必ずしも「入居者が原因」とは決めつけられない
排水管の不良による漏水は、主に「詰まり」「脱管」「老朽化」が想定されます。「詰まり」に関してよくあるパターンが、入居者がトイレを詰まらせたり、台所の排水を詰まらせたりしてしまうものです。この場合、基本的には入居者の過失となり、費用請求も入居者にすることになります。しかし、ここで決めつけてしまうのは危険です。明らかに便器に物を詰めてしまった場合は、入居者も身に覚えがありますので、もめることは少ないですが、トイレでも台所の排水でも、敷地にあるマンホールから汚水が噴き出ているとなると、その入居者の過失とも言い切れなくなります。
排水系の詰まりに関しては、長年の汚れが管に溜まり、特に冬場になると塊ができて詰まりを発生させることがあるからです。他にも、植物の根が管の中で育ってしまい、流れをせき止めることもあります。
それらの原因では、通常通りの使い方をしていた入居者なら、純粋な被害者となりますので、その人に費用請求が発生するとは決めつけられないわけです。ですから、「お客様の使い方に原因がある場合は、費用が発生いたします」と丁寧に伝えたうえで原因究明することが大切なのです。
▼トイレの詰まり対応
ペーパーの流しすぎでトイレを詰まらせてしまった時の対処法は、ラバーカップ(半球上の吸引ゴムの付いた棒)を用います。
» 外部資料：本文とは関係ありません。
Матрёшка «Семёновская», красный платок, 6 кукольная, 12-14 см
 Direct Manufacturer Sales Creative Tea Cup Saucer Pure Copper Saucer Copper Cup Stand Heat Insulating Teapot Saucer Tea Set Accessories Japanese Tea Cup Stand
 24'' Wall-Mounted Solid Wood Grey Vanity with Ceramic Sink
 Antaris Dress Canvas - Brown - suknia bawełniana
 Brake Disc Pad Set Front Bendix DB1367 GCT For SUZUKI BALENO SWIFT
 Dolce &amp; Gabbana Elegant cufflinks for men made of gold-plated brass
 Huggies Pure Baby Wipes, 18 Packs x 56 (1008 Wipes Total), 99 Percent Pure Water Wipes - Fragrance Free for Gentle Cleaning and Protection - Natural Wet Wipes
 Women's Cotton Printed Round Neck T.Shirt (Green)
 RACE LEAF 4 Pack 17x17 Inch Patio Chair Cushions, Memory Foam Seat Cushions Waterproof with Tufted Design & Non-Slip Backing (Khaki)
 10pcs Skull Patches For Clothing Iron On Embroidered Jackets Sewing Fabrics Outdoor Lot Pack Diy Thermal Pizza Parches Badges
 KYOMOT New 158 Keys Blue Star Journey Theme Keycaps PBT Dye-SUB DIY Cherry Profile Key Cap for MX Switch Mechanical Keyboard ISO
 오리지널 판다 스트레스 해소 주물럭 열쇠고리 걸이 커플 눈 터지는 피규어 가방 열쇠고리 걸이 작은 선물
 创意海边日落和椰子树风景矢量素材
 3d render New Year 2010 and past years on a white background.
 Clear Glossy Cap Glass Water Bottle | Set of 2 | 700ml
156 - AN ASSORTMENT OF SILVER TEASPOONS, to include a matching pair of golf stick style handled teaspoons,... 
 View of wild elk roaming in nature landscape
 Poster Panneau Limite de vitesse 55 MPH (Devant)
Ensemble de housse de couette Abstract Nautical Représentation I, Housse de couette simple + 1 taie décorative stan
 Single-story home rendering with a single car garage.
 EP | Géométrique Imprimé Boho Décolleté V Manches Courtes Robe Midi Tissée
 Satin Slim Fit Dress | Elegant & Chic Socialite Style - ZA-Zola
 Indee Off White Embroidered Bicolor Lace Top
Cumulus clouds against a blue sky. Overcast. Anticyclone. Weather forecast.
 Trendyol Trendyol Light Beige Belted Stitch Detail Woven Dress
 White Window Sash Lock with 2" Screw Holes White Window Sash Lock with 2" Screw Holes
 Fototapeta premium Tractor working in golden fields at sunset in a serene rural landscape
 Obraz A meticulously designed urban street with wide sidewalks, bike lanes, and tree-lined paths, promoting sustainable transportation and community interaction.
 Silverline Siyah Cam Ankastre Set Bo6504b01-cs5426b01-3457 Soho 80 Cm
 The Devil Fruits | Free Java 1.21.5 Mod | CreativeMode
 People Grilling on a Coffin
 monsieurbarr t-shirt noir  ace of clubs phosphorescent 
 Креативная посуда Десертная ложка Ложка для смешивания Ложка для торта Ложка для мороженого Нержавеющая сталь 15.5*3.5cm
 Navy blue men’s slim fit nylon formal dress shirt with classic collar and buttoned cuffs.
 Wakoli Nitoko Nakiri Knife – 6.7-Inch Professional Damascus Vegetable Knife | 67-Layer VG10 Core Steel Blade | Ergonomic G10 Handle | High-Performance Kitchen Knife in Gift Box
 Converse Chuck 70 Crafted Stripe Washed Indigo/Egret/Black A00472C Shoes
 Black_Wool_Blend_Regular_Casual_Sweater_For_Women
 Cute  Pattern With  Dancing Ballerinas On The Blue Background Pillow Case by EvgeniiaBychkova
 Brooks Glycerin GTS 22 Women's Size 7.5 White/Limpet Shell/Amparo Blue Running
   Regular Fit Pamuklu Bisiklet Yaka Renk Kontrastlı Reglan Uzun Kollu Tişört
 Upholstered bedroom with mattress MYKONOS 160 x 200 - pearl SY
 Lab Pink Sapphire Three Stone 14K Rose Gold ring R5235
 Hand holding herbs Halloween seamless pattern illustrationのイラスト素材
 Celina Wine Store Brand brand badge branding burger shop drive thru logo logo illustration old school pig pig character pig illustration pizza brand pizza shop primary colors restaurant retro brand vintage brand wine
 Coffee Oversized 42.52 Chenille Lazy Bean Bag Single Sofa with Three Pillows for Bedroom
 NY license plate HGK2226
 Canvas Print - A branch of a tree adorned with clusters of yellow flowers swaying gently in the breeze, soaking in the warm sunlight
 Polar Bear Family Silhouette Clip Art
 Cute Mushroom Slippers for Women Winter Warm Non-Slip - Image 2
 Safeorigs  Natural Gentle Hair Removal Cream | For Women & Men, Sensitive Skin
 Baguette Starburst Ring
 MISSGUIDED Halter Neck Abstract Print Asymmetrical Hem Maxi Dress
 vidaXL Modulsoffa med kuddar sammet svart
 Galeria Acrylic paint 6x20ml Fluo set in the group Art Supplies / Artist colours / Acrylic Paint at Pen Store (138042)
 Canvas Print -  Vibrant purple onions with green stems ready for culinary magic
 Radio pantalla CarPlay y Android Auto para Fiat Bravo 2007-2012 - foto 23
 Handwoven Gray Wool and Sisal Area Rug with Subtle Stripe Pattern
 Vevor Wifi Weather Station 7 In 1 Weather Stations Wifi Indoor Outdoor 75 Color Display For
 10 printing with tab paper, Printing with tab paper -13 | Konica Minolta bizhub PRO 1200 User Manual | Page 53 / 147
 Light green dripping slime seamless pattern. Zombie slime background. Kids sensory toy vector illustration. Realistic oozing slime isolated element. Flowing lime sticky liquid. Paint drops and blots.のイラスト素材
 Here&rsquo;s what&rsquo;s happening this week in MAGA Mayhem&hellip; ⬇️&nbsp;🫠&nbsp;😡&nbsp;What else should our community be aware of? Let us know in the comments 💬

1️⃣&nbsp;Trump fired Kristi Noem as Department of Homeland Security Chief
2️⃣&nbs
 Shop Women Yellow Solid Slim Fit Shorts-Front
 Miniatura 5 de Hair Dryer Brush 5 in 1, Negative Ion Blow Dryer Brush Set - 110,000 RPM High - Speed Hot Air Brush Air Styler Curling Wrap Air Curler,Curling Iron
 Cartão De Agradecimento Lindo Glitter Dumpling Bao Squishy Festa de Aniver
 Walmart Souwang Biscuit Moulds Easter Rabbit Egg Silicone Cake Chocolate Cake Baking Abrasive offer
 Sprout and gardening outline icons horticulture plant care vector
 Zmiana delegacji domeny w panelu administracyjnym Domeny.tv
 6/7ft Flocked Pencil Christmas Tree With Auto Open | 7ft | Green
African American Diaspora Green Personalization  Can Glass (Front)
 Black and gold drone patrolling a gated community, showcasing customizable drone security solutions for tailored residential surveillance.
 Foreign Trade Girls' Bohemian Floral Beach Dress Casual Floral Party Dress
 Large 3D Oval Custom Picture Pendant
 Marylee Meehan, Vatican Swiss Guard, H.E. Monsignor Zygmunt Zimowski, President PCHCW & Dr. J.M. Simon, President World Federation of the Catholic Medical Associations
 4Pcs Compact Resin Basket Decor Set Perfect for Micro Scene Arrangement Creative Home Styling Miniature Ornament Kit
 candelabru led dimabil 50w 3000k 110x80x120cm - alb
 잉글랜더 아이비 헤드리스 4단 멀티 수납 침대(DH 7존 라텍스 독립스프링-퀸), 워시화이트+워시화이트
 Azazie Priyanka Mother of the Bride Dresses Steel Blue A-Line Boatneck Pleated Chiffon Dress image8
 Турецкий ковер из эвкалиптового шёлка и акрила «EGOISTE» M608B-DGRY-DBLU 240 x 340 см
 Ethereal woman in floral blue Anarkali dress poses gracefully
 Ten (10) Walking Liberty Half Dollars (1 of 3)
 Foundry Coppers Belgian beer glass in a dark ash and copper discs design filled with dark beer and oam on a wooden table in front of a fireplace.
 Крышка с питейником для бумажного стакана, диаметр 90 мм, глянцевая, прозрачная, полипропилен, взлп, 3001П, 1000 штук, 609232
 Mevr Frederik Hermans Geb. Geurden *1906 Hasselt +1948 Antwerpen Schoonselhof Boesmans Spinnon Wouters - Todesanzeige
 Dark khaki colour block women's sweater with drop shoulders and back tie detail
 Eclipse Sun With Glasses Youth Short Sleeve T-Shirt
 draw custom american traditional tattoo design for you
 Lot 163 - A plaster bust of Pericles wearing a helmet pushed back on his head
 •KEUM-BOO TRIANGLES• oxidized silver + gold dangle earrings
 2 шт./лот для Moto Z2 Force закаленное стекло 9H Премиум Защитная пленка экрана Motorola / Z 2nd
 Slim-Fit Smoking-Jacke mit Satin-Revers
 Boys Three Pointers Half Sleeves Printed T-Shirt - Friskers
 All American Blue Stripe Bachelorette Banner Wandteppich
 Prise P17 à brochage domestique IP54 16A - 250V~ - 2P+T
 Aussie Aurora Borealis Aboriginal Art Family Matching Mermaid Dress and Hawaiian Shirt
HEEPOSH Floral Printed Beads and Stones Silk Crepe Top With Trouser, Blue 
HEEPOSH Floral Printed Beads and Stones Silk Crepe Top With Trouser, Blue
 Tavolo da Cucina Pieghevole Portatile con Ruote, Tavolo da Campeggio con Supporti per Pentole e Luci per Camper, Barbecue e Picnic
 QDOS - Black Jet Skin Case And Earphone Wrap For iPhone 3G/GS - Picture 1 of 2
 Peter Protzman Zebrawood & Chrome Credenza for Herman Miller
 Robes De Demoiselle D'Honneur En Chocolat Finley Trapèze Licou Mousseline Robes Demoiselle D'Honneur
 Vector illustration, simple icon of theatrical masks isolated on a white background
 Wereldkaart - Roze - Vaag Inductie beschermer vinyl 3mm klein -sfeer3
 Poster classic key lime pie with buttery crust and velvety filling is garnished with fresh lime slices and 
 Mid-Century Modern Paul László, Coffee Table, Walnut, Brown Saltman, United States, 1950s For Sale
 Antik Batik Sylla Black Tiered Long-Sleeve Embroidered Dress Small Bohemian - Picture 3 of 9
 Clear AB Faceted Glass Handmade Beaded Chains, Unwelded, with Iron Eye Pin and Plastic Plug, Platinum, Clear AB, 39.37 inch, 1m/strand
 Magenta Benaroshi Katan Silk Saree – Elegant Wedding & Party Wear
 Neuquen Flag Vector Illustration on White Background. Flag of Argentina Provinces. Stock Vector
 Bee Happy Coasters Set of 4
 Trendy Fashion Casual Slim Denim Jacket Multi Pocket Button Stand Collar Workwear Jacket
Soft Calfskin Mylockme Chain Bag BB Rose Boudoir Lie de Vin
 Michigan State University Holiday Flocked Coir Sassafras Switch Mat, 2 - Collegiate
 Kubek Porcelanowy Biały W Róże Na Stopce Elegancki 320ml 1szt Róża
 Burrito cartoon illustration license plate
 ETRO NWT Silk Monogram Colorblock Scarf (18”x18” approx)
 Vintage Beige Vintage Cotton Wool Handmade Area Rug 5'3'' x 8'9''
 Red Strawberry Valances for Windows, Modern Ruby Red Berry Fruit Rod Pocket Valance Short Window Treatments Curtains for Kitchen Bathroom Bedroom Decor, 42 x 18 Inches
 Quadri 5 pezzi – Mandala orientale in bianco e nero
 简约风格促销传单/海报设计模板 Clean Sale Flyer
基本的にはゆっくりと便器内に水を溜め、ラバーカップを沈めていき、真空状態を作り出してペーパーの詰まりを引き出し、水の流れをつくる「引き」が大切になります。
まれに、物を流してしまったという場合には、便器の取り外しが必要になりますので、よほど自信がある場合を除いてはプロの業者に頼んだほうがよいでしょう。トイレの場合は、お風呂以上に頻繁に入居者が利用するものですから、自分たちの行った作業が原因で、さらに入居者の迷惑となるのは避けたいところです。
プロに頼む前に「トーラー」を使ってみる
▼雑排水の詰まり対応
よくある例が、台所の排水詰まりです。一般的には排水にネットをかけて細かいゴミを流さないようにするのが常識かと思いますが、なかには排水口に生ゴミや油を流してしまったり、洗面所の排水に歯ブラシを詰まらせたりしたケースもありました。基本はトラップ(水をためて悪臭を防ぐ部品)型の排水パイプを外して詰まりを除去します。このパイプの中に詰まりの原因となるものがあれば、入居者側に責任があると判断しやすいのですが、問題は排水パイプから先の配管が詰まっていた場合です。この場合は、プロに頼む前に試しておきたいのが、トーラーを使っての塊除去です。
◆クマの対処法
①作業をする場合は、まず敷地内の生活排水用の枡(ます)の中を確認します。
②エルボと呼ばれるL字管を外し、水の流れをせき止めている方向を確認します。もっともこの段階で枡があふれていれば、枡よりも外側が詰まっていることになりますが、大体の場合、室内側での詰まりかと思います。枡にあるエルボ自体に脂が詰まっていることもあります。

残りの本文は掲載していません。